Discontinuous Flow, Ice Texture, and Dirt Content in the Basal Layers of the Devon Island Ice Cap

Abstract

Surface-to-bedrock cores obtained with a CRREL thermal drill were taken in 1972 and 1973 from the top of the Devon Island ice cap. There are very pronounced variations in oxygen isotope, micro-particle concentration, and ice texture in the lowermost 5 m of the core. There is a section of isotopically cold, very fine bubbly ice with high micro-particle concentrations between 2.6 and 4.4 m above the bed, considered to represent the Last Ice Age. There is coarse, isotopically warm, clean ice above and below this. For 1.2 m above the bed, the ice is finer again with high micro-particle concentrations but it shows very low bubble concentration and is isotopically the warmest in the core. While the broad variations are common to both cores, in detail there are significant variations despite the fact that the cores were taken only 27 m apart. The variations, when analysed statistically, show that at least 25–30% of the originally continuous profile is missing from each core. Faulting within the near-bedrock ice may be responsible for some of the effect but bubble fabric also gives evidence for irregular non-laminar flow.

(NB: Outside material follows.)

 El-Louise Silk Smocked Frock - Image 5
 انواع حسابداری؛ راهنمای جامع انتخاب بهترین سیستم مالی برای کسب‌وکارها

Because of the strong relationship between crystal size and micro-particle concentrations in the Devon Island cores, it is suggested that the fine-grained nature of dirty layers in the Antarctic and Greenland ice sheets is due to the effect of the dirt inclusions and not of shearing. Steep isotopic gradients in the Devon Island cores are shown to be evidence for possible shearing, which does not effect any change in the crystal texture. Clear ice near the bed is considered a tectonic feature, but the lack of effect on its bed by the ice cap confirms the non-erosional nature of an ice cap frozen to its bed. In terms of paleoclimatic history, it means that, because of bedrock effects, ice caps of intermediate depth (i.e. <400 m) can give continuous information only over the last approximate 5 000 years. Between 5 000 and 10 000 B.P. the time series becomes slightly discontinuous and beyond 10 000 B.P. so discontinuous as to allow only broad climatic inferences to be drawn.